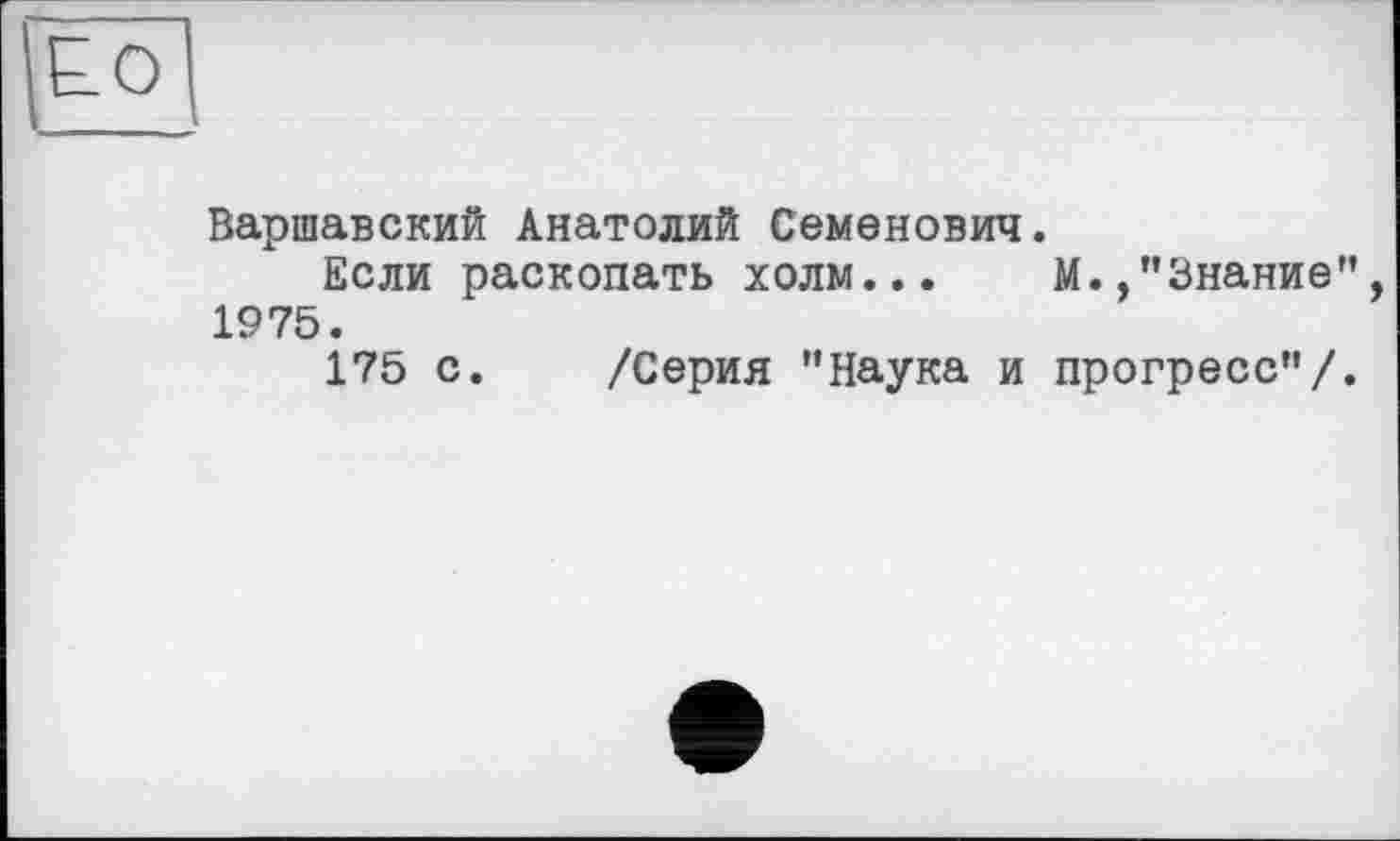 ﻿Варшавский Анатолий Семенович.
Если раскопать холм... М.,"Знание 1975.
175 с. /Серия "Наука и прогресс"/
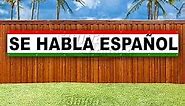 Se Habla Espanol Extra Large 13 oz Banner Heavy-Duty Vinyl Single-Sided with Metal Grommets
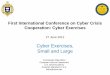 Cyber Exercises, Small and Large - ENISA · Cyber Exercises, Small and Large Commander Mike Bilzor Computer Science Department U.S. Naval Academy Annpolis, Maryland U.S.A. ... •These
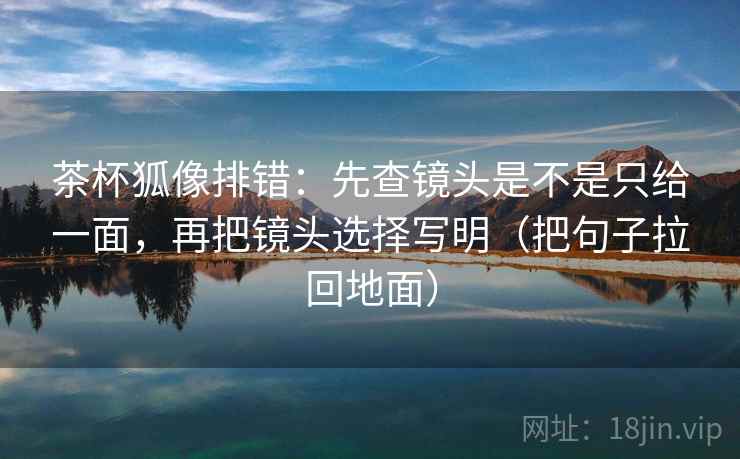 茶杯狐像排错：先查镜头是不是只给一面，再把镜头选择写明（把句子拉回地面）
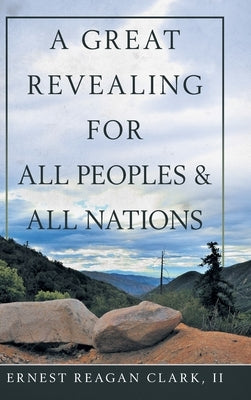 A Great Revealing for All Peoples & All Nations by Clark, Ernest Reagan, II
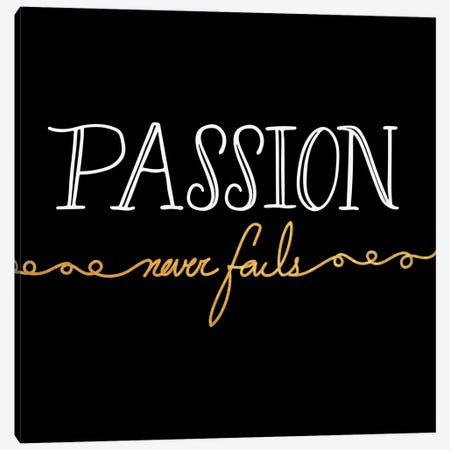 Passion Never Fails III Canvas Print #BWQ3} by 5by5collective Canvas Print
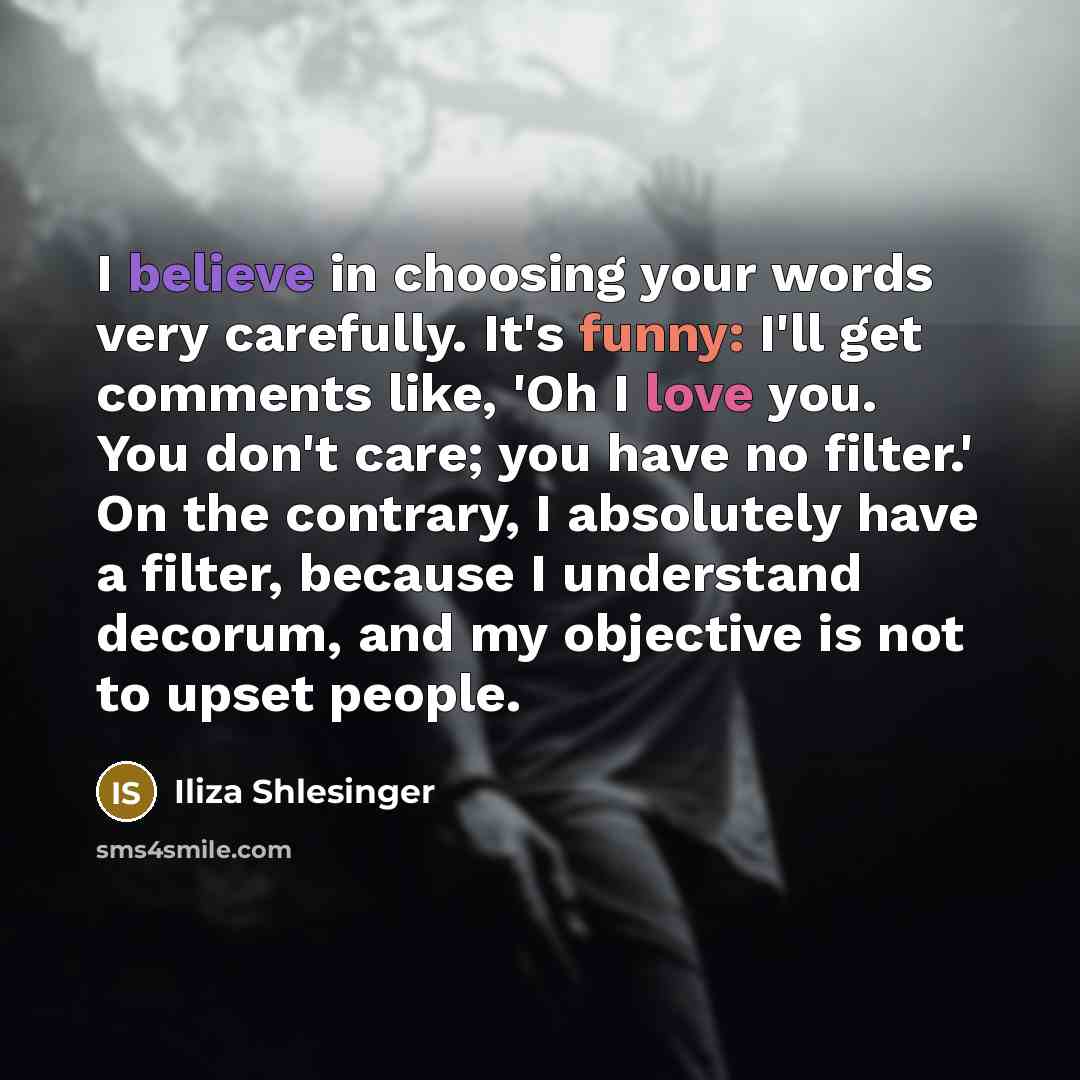 “I believe in choosing your words very carefully. It's funny:…” quote by Iliza Shlesinger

_ _ _ _ _ _ _

WORK TASK - Leave out the images and write out the lines above exactly, from the one with "Se Habla Espanol" up to and including the one with "茶杯狐像排错：先查镜头是不是只给一面，再把镜头选择写明（把句子拉回地面）".

PROBLEM SOLUTION -
 Se Habla Espanol Extra Large 13 oz Banner Heavy-Duty Vinyl Single-Sided with Metal Grommets
 Cyber Exercises, Small and Large - ENISA · Cyber Exercises, Small and Large Commander Mike Bilzor Computer Science Department U.S. Naval Academy Annpolis, Maryland U.S.A. ... •These
 茶杯狐像排错：先查镜头是不是只给一面，再把镜头选择写明（把句子拉回地面）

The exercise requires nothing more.